Wild Hope: Stories for Lent from the Vanishing by Gayle Boss, Illustrated by David G. Klein
During Advent this last year, I followed Gayle Boss’ devotional, All Creation Waits: The Advent Mystery of New Beginnings. I was so moved by this devotional that it took no time at all to decide to see if Boss had any other works for devotional use.
Wild Hope: Stories for Lent from the Vanishing immediately grabbed my attention.
Boss begins the devotional with an introduction that answers the question, why should we listen to the stories of the vanishing animals of creation during the Lenten season? Why not just study Scripture more, revisit Jesus’ time in the wilderness, and cut chocolate out of our diets?
“The [Lenten] season means to rouse us from our self-absorption,” writes Boss.
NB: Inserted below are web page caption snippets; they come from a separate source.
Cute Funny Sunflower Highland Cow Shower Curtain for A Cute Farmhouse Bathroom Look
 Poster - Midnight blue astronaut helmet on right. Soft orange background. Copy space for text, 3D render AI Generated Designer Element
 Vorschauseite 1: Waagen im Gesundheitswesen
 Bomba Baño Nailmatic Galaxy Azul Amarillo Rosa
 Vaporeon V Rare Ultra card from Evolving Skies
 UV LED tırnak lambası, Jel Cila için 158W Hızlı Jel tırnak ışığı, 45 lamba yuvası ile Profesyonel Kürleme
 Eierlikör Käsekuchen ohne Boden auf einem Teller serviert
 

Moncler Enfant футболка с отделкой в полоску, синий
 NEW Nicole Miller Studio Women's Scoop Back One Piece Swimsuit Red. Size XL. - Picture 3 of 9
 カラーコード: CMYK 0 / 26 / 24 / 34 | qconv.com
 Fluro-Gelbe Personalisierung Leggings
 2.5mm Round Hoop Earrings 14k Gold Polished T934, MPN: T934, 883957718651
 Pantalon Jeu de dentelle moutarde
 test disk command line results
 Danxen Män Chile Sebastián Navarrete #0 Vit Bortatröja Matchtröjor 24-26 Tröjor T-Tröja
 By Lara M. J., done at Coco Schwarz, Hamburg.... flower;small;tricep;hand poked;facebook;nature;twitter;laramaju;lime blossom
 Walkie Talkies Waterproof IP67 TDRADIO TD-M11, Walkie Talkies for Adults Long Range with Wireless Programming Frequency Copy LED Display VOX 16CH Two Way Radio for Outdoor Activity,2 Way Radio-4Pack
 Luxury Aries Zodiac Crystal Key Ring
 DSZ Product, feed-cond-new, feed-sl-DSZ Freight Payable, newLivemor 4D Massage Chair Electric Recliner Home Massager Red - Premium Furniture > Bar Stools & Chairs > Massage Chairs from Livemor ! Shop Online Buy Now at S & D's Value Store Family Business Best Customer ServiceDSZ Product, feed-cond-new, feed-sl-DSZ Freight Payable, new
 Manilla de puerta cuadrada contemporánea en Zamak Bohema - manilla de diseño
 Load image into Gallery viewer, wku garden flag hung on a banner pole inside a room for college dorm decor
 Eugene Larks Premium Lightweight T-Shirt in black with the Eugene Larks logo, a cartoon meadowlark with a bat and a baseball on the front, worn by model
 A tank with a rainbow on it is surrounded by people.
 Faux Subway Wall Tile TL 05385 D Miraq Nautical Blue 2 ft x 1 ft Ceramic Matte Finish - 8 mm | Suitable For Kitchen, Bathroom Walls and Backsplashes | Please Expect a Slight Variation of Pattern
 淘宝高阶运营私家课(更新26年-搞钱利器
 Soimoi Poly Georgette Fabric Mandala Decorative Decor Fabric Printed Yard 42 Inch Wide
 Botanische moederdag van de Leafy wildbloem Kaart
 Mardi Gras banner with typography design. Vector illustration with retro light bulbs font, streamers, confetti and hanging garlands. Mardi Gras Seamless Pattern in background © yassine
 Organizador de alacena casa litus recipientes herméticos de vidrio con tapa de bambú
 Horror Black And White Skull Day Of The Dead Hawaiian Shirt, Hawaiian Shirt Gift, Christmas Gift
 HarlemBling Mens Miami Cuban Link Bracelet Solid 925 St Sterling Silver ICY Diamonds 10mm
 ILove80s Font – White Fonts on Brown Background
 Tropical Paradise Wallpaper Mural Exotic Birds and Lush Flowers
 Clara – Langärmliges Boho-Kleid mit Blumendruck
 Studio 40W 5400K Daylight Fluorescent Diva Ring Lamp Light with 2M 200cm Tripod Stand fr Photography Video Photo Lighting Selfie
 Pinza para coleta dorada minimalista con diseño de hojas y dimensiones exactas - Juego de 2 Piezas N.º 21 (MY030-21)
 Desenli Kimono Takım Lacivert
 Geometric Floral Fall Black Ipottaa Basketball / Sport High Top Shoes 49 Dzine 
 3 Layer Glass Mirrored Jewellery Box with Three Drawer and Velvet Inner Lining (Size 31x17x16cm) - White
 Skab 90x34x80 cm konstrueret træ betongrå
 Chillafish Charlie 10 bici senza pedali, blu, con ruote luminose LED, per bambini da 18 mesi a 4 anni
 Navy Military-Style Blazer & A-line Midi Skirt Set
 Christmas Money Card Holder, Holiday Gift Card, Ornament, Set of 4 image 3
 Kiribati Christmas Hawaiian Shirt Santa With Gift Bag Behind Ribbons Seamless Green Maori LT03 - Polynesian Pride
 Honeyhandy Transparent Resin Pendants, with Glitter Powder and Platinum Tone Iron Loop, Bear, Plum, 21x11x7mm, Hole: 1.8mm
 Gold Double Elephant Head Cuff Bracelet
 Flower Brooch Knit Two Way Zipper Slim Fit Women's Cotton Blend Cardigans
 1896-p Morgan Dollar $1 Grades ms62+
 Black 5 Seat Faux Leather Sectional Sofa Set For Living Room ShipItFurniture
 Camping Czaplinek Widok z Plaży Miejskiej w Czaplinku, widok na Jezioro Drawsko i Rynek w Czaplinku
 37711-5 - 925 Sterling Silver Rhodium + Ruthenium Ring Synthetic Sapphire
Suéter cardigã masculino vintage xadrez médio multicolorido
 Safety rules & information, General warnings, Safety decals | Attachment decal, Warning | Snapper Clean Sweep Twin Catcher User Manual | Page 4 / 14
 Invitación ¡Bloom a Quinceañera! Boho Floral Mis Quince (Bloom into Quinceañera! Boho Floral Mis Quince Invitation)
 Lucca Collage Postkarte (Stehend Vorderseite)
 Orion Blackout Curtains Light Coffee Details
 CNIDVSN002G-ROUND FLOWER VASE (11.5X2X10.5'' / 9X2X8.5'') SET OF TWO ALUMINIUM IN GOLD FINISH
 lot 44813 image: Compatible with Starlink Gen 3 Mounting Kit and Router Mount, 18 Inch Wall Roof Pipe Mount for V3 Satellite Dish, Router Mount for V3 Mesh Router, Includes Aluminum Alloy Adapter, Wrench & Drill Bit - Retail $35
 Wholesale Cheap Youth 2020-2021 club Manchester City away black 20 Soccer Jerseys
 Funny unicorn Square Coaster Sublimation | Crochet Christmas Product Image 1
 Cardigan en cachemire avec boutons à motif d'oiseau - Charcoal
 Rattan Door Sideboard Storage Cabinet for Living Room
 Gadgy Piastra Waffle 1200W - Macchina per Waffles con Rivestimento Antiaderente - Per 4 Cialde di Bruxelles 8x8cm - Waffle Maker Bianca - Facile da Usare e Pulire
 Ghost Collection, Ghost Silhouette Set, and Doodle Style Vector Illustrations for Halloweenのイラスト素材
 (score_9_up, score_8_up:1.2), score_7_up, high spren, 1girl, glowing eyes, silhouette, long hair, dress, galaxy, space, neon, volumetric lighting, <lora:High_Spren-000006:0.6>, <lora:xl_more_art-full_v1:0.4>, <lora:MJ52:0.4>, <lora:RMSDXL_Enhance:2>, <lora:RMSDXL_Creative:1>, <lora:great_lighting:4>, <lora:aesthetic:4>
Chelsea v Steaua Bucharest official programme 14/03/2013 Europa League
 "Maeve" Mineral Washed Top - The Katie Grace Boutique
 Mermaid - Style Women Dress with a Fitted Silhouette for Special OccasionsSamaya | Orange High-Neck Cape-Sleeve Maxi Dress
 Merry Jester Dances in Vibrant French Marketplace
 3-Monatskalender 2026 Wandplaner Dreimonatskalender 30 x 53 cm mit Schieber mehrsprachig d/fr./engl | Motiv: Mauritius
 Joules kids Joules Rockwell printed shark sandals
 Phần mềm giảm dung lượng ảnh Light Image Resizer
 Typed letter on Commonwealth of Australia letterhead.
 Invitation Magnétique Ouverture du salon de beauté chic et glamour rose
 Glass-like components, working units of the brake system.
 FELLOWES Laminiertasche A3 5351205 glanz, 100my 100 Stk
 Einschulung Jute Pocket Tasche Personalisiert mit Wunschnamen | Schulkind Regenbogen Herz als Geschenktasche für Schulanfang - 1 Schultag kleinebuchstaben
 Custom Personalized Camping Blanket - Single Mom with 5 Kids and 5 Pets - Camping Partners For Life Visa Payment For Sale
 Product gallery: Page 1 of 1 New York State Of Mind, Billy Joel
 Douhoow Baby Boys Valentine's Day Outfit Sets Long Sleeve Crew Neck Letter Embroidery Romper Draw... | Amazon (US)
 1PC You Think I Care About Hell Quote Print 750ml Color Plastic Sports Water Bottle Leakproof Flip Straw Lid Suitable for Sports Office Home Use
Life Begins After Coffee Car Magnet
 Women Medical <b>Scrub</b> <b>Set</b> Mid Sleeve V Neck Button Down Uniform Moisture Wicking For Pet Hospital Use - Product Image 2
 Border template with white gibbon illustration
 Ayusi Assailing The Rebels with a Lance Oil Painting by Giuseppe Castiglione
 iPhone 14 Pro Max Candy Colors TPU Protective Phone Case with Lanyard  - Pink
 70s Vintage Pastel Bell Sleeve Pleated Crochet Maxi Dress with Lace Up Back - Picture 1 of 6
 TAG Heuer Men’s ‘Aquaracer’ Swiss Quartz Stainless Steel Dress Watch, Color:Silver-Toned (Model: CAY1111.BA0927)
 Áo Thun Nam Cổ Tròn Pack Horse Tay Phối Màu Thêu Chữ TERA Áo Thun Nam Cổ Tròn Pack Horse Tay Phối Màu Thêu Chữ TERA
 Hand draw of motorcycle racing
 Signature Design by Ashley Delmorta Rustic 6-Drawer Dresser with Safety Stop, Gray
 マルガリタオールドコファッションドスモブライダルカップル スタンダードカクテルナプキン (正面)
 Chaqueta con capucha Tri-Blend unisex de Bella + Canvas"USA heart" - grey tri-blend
If you’ve ever attended an Ash Wednesday service, you’ve experienced the swift reminder of your own mortality as the priest or pastor smears an ashen cross on your forehead.
Nothing cuts to the heart of self-absorption like the realization your self is not long for this earth. Thus begins the season of Lent—you are dust, and to dust you are going to return.
Boss continues, “The purpose of Lent has always been to startle us awake to the true state of our hearts and the world we’ve made. Which wakes an aching, wild hope that something new might be born of the ruin.”
The stories in Wild Hope illuminate the lives of the other beings we’re traveling with on our bright planet. Each of the animals stands up, like Peter, to tell humankind, “No, we’re not drunk. Look at where we’ve been over the last hundred years. Look where we are now. Here is the reality! This is the good gift of creation God has given you, and you are killing it.”
They are testimonies that cut to the heart. They are testimonies that demand a verdict. They are testimonies that open our eyes.
And once we have seen, we cannot unsee.
“For the past century, whole species have been disappearing a hundred times faster, by conservative estimates, than in the past, because the choices about shelter, food, transportation, communication, and leisure that we humans make every day are pounding the planet. We are laying waste the animals’ only home. Which is the only home of human animals too,” Boss writes.
Conviction and preparation are hard and painful processes. Christianity, though, has never been a stranger to suffering. Suffering is part of the Way of Christ. Not for suffering’s sake, no. For the sake of the wild hope on the other side, which is resurrection and new life. There is birth. There is death. And then there is rebirth. That is what we have to hope for, the wild hope of resurrection, even in the midst of all this suffering.
Wild Hope offers the stories of four different animals each week that are vanishing from our planet as we speak. These particular testimonies provide deeper insight into the reality of our world. They illuminate our actions and challenge us to live with a greater purpose and vision for the heart of God in our daily choices and in our communities.
“The promise of Lent is that something will be born of the ruin, something so astoundingly better than the present moment that we cannot imagine it,” writes Boss. “Lent is seeded with resurrection.”
As followers of Jesus, we are a people of resurrection life. That resurrection life is for all God’s creatures. Lean into the Lenten season prepared to be cut to the heart, and on resurrection Sunday, rejoice that God is in the business of healing, redeeming, and restoring broken hearts, inviting sojourners like us along for the joyous, wild ride.